Mark Barnes continues his adventure with a look at sacred spots for both Turkey and Australia on the battlefield.
As the Australians poured ashore at Anzac a little known Turkish staff officer looked for the means to respond. Having enjoyed high quality German training he knew that it was essential to throw in a counter-attack to disrupt the invaders and keep them off balance, maybe even throw them back. Mustafa Kemal looked to the 57th Infantry Regiment, telling them:
I am not ordering you to attack. I am ordering you to die. During the time before we die other forces and commanders will take our place.
The 57th Regiment memorial was opened in 1992 and attracts a good many Turkish as well as foreign visitors.
The regiment is remembered today at a feature of the battlefield known as the Chessboard where a memorial and representative cemetery stands.

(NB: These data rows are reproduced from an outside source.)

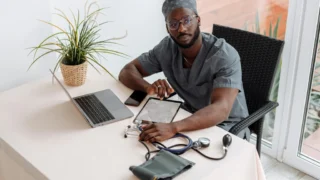 Mlađi Amerikanci suočeni s osiguranjem dok se brojevi raka debelog crijeva povećavaju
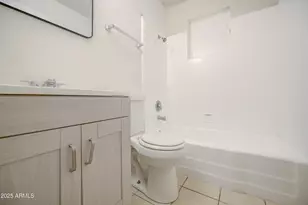 2508 E Clarendon Ave, Phoenix, AZ 85016 - Photo 32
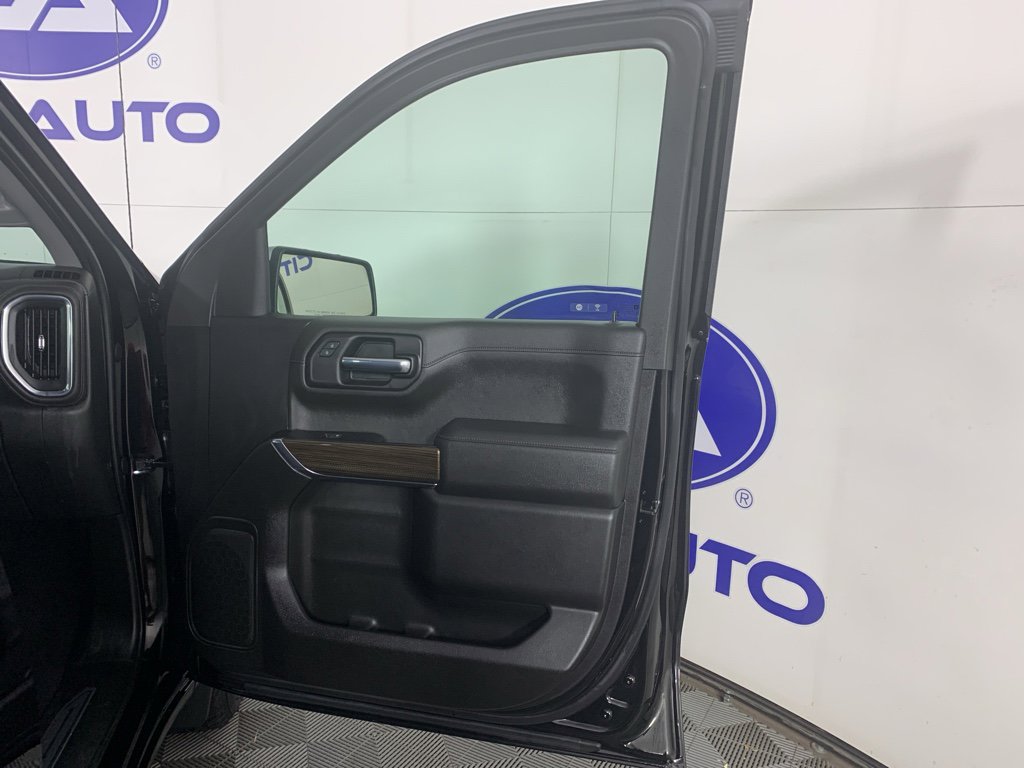 Used 2022 Chevrolet Silverado 1500 LT image 38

It was built in 1992 and features a tower, a memorial wall and the “graves” of some of the eighteen hundred men of the regiment who are known to have died. At the entrance stands the statue of the last surviving Turkish veteran of Gallipoli, Huseyin Kacmaz, who is depicted holding hands with his granddaughter. Just down the hill are some of the genuine graves of men of the 57th. It seems obvious that the architects were anxious to create something on par with some of the majestic burial grounds of the CWGC and in this they have succeeded.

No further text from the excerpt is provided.